「30代後半の部下がいつも疲れている」という相談
こんにちは。産業医の武神です。私のクライエントは外資系企業を中心に20社ほどですが、そこで働く社員たちの平均年齢は30代と若めです。これは外資系特有のUp or Out(昇進するか退職するか)という企業風土のためでもありますが、タフでハードな職場で成果を出し続けるには、それなりに“若さ”が必要なのだと思います。そこで、今回は外資系企業で中年になっても成果を出し続けている人たちの習慣について述べたいと思います。
Aさんは数年ぶりに産業医面談に来た40代中頃の管理職の男性でした。7年ほど前、交通事故にあったAさんは鞭打ち症やリハビリに絡んで産業医面談の常連になっていましたが、その後体調も回復し、今回は数年ぶりの面談でした。
相談内容は信頼している部下の30代後半男性Bさんについてです。決してメンタル不調ではなさそうだが、いつも疲れ気味に見えて心配とのことでした。よく聞いてみると、Aさんの部署は不定期に突如忙しくなり、それが数週間続くこともあるとのこと。Bさんは部署内ではいつも最初に残業で体が悲鳴を上げてしまうようで、忙しい時期の終盤になると、よくダウンしてしまうとのことでした。
チームの他のメンバーはBさんよりも若いためそんなことはなく、AさんはいずれBさんがこのチームを引っ張って行く立場になることを思うと、Bさんは適任ではないのかもしれないと最近思ってしまうとのことでした。
「4時間以下の睡眠は2日まで」と決めているAさん
確かにAさんの部署の業務は、長い残業時間が続くこともあり、体力的に楽ではないことはAさん自身も自覚しているものの、40代のAさんができていることをBさんが体力的にできないことがどうも引っかかってしまっているようでした。

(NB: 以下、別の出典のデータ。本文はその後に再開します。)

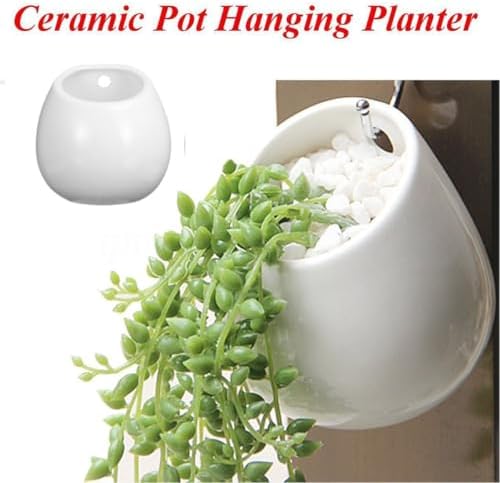 HOMSFOU 2-Pack Hanging Ceramic Planters Whiteware Pots - Image 5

私はAさんはタフでハードな職場でも長持ちするタイプとわかっていたので、いくつかAさんに質問をしてみることにしました。
「Aさんは、仕事が忙しい時でも、自分の限界、これを超えると業務効率が落ちてしまう限界って把握していますか?」
Aさんは、若い頃は体力のかぎりがむしゃらにやっていれば、どんなに忙しい仕事であってもなんとか乗り越えられたこと、でも30代の途中からそうではなくなったことを教えてくれました。そして今は、4時間以下の睡眠が2日連続すると3日目は明らかに業務効率が落ちることを自覚しており、そのようなときは必ず、翌日に昼に1時間ほど仮眠するか、残業はそこそこに帰宅し、6時間以上は寝ることを意識していると教えてくれました。